Additionally, in 2002, Congress enacted CERCLA’s “bona fide prospective purchaser” defense, which is designed specifically for subsequent purchasers and requires that they plead and prove 1) that they are prima facie liable under CERCLA solely by virtue of their status as a “current owner or operator” of a facility; 2) that all “disposals” of hazardous substances at their facility occurred prior to their acquisition of their facility; 3) that, prior to acquisition of their facility, they performed all appropriate inquiries; 4) that they have made all required notices relating to the contamination at their facility; 5) that they have exercised “appropriate care” with respect to hazardous substances found at their facility by a) taking reasonable steps to stop any continuing release, b) preventing any threatened future release, and c) preventing or limiting human, environmental, or natural resource exposure to any previously released hazardous substance; 6) that they have provided full cooperation, assistance, and access to persons that are authorized to conduct response actions or natural resource restoration at their facility; 7) that they are in compliance with any land use restrictions established or relied on in connection with a cleanup at their facility, and that they have not impeded the effectiveness or integrity of any institutional control employed at their facility in connection with a cleanup; 8) that they have complied with any EPA requests for information or administrative subpoenas issued under CERCLA; 9) that they have no familial, financial, or corporate affiliation with any other responsible party; and 10) that they have not impeded the performance of a response action or natural resource restoration.
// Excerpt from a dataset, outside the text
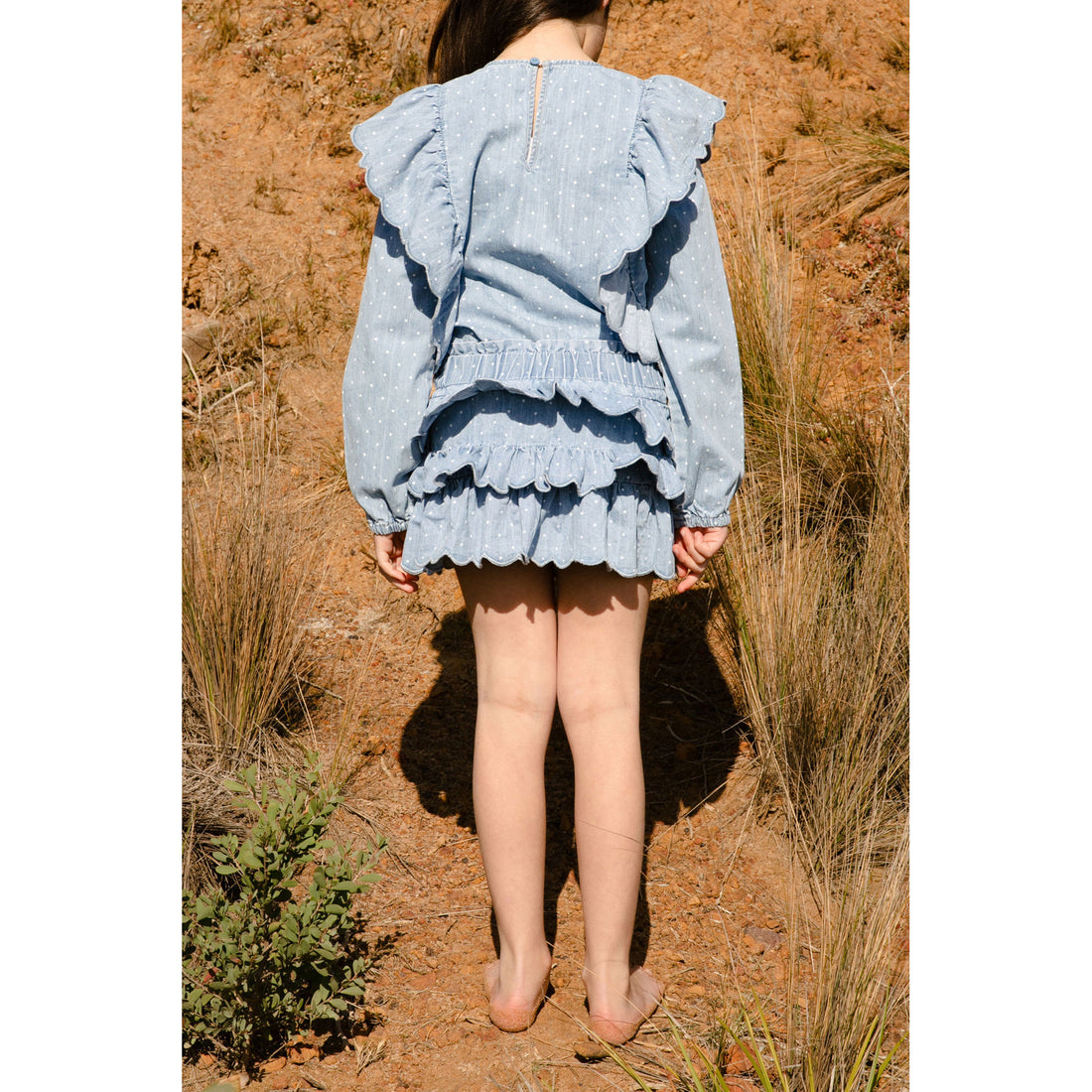 Steph Spotty Chambray  Skirt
If the third-party defense is construed in a manner that does not effectuate the due diligence requirement, it is virtually impossible for a person to qualify for this “bona fide prospective purchaser” defense without first satisfying the less burdensome requirements of the third-party defense.16 For this reason, refusing to ignore the third-party defense’s “occurs in connection with” language not only renders the innocent landowner provision meaningless; it also renders the bona fide prospective purchaser defense unnecessary.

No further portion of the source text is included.